GBP/JPY consolidates around 154.00 mark ahead of UK jobs data
|- GBP/JPY lacked any firm directional bias and remained confined in a range on Tuesday.
- The BoE rate hike signals continued lending some support to the sterling and the cross.
- The risk-off impulse benefitted the safe-haven JPY and capped any meaningful gains.
The GBP/JPY cross seesawed between tepid gains/minor losses through the Asian session and was last seen trading in the neutral territory, around the 154.00 mark.
A combination of diverging forces failed to provide any meaningful impetus to the GBP/JPY cross and led to a subdued/range-bound price action through the early part of the trading action on Tuesday. The British pound was supported by hawkish comments by the Bank of England (BoE) officials over the weekend, signalling an imminent interest rate.
Michael Saunders, one of the most hawkish members of the Monetary Policy Committee, suggested that investors were right to bring forward bets on rate hikes.

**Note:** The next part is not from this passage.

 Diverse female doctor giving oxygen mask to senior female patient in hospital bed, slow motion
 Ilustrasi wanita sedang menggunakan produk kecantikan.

Adding to this, the BoE Governor Andrew Bailey warned of a potentially very damaging period of inflation unless policymakers take action and continued acting as a tailwind for the sterling.
That said, the risk-off impulse underpinned the safe-haven Japanese yen and capped gains for the GBP/JPY cross. Worries that the recent surge in crude oil/energy prices will stoke inflation and derail the global economic recovery have been fueling fears about stagflation. This, in turn, tempered investors' appetite for perceived riskier assets, like equities.
Meanwhile, the range-bound price action comes on the back of the recent strong positive move to the highest level since June 25 and might still be categorized as a consolidation phase. Hence, any meaningful dip might still be seen as a buying opportunity and is more likely to remain limited ahead of Tuesday's release of the UK monthly employment details.